====== Complete the following DNS lab exercises ======
==== Step 1: Login ====
The username and password is "kenog".
There is no root password on the lab.
We will use **sudo** to obtain temporary root authorizations. This is recommended best practice.
==== Step 2: Configure the stub resolver ====
Add the DNS google server as the recursive server for now:
sudo rm /etc/resolv.conf
sudo sh -c "echo nameserver 8.8.8.8 > /etc/resolv.conf"
==== Step 3: Install BIND and dig ====
Then, install bind and dnstools
sudo apt-get update
sudo apt-get install -y bind9 dnsutils net-tools
==== Step 4: Verify IP address ====
Then we verify the current IP address on the debian server using ifconfig .
sudo ifconfig
You should get output as below:
{{::screenshot_2025-04-01_at_7.44.05 am.png?400|}}
In this case, the IP address is 192.168.122.4
=== Step 5: Configure BIND ===
First we will remove the default BIND configuration
sudo mv /etc/bind/named.conf.options /etc/bind/named.conf.options.old
Then we will use a text editor to open a blank config file:
sudo nano /etc/bind/named.conf.options
Adjust the following text and replcace the IP address with what you saw from ifconfig
options {
directory "/var/cache/bind";
dnssec-validation auto;
listen-on { 192.168.122.4; 127.0.0.1; }; ## match your IP address
recursion yes; # This tell BIND to recursively find DNS data.
allow-query { trusted; }; ## Add security to prevent unwanted users
};
acl "trusted" {
192.168.0.0/16; # The trusted network
localhost; # Loopback interface
};
Save and exit the file by holding "Ctrl and X" at the same time. At the next prompt, press "y" and hit enter to save the file.
=== Step 6: Check BIND config syntax ===
Bind has a tool to verify that the configuration has no mistakes so that BIND can work properly.
sudo named-checkconf
If there is no output from that command, BIND is ready to start.
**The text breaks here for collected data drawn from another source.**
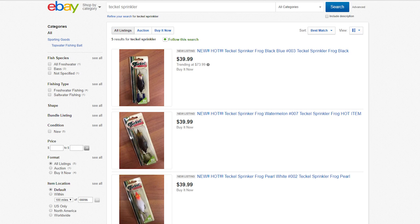I've been trying to order the Tekko Sprinkler Frog. It's been sold out since the day it was launched and I saw a lot of them being sold on eBay at ridiculous prices. So I was like, why don't I just make my own? I went out and bought some frogs, some equipment, and I was able to put one together and it swam pretty well. So in this video, I'm going to show you how to make this guy right here.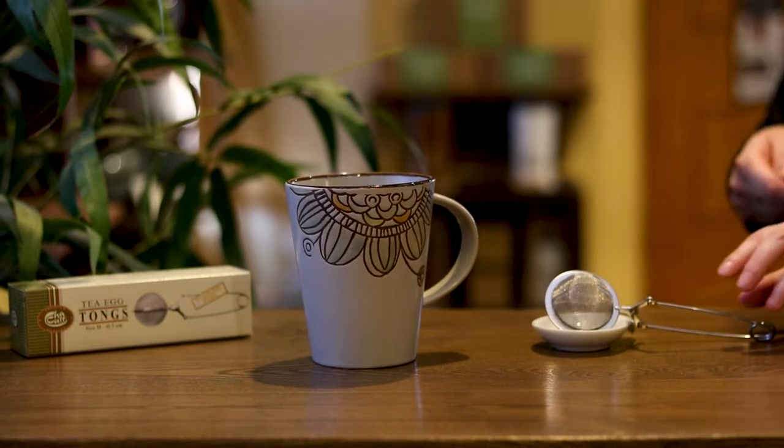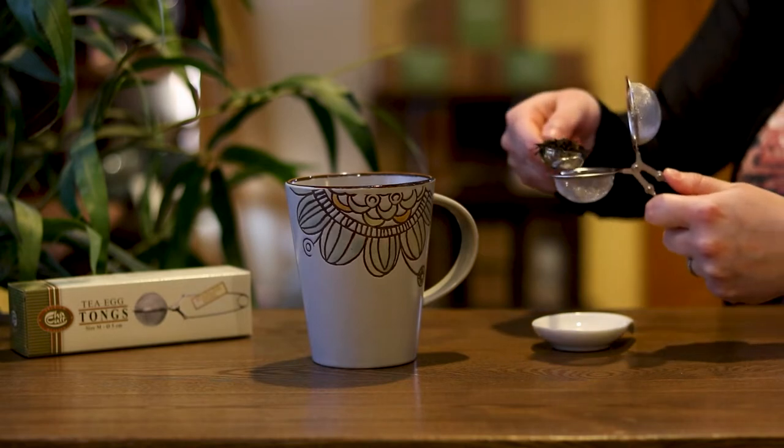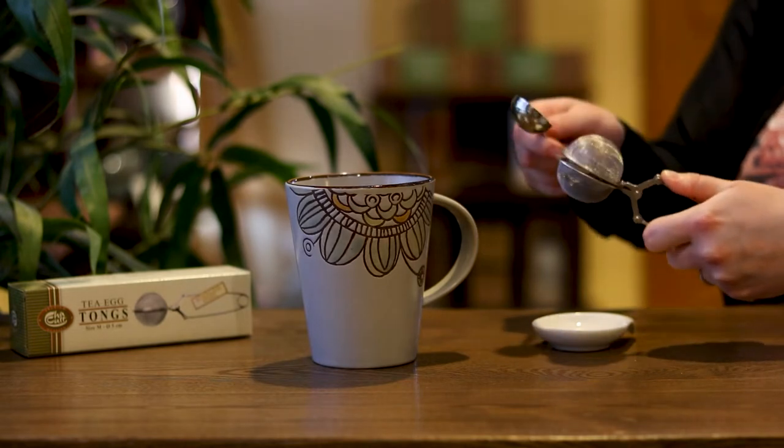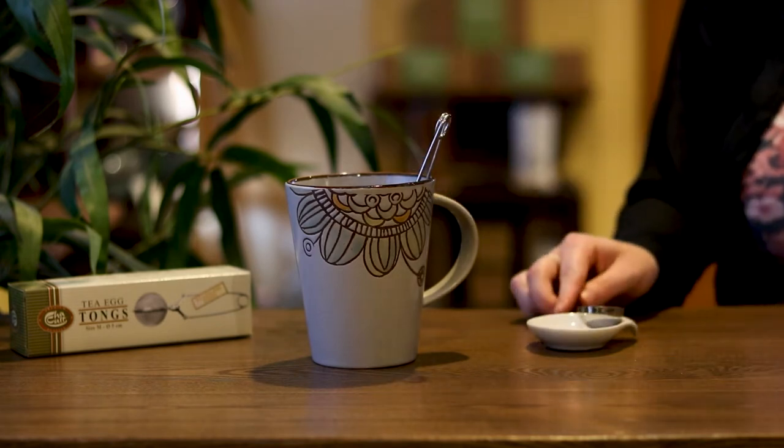Pinch the handle to open your tongs, then scoop your leaves into the ball. Be sure to leave room for the leaves to expand. Slowly release your grip to close it, and place the ball end into your cup before pouring the water.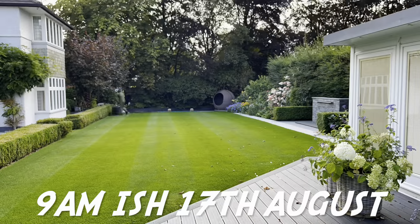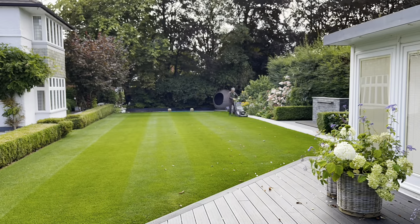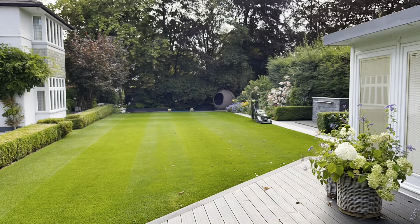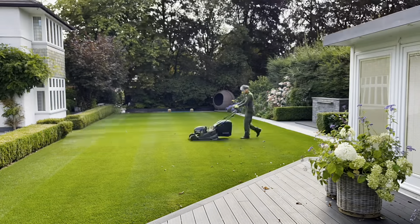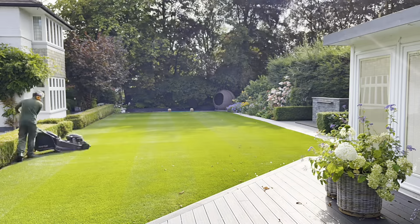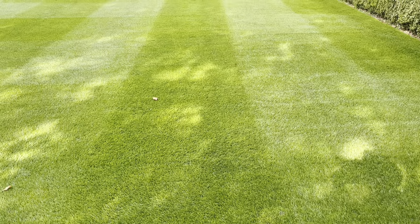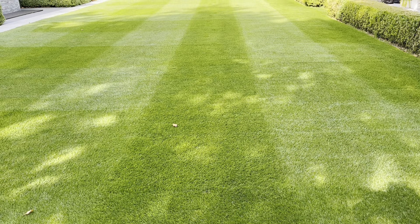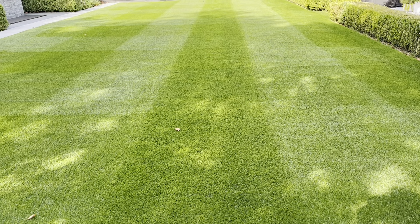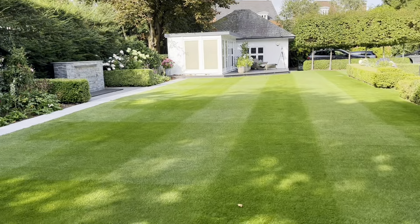Then we got 'ye olde faithful' out and gave the lawn a scarify - we did two passes because it hadn't been done for quite a while, about three months. Then we got our 'hair blower' out and used that as a hoover, because I don't have time to rake it up and it's late in the season, so I tried to do anything I can to get away from physical work at this time of year.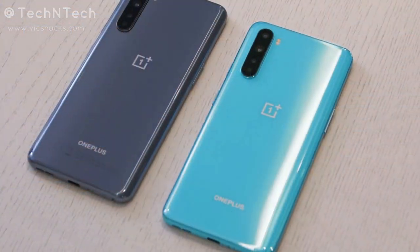Hey guys, welcome back to my channel. This video is about the upcoming launch of the OnePlus Nord smartphone. OnePlus is bringing a mid-range segment smartphone in the name of OnePlus Nord, which will be priced around 25,000 rupees.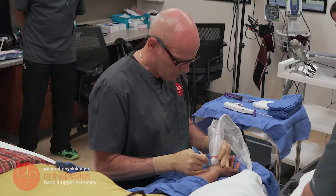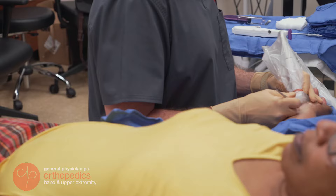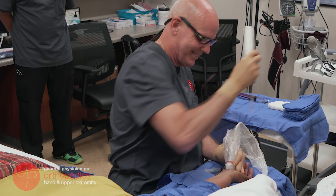The next step is to make a very small incision, about a quarter inch long. After that, a special instrument is inserted to clean off the undersurface of the ligament that we're going to cut, and the final step is to insert the special instrument and the knife into the carpal tunnel.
Start BIND with the following command
sudo service bind9 start
=== Step 7: Test BIND ===
The following will use the local DNS server you have installed using "dig"
dig @192.168.122.4 twitter.com
Assess the response below and look at the Server response section:
; <<>> DiG 9.18.33-1~deb12u2-Debian <<>> @192.168.122.4 twitter.com
; (1 server found)
;; global options: +cmd
;; Got answer:
;; ->>HEADER<<- opcode: QUERY, status: NOERROR, id: 3236
;; flags: qr rd ra; QUERY: 1, ANSWER: 1, AUTHORITY: 0, ADDITIONAL: 1
;; OPT PSEUDOSECTION:
; EDNS: version: 0, flags:; udp: 1232
; COOKIE: d037dd9d1fddd3230100000067eb72700fd63029431f046c (good)
;; QUESTION SECTION:
;twitter.com. IN A
;; ANSWER SECTION:
twitter.com. 300 IN A 162.159.140.229
;; Query time: 36 msec
;; SERVER: 192.168.122.4#53(192.168.122.4) (UDP)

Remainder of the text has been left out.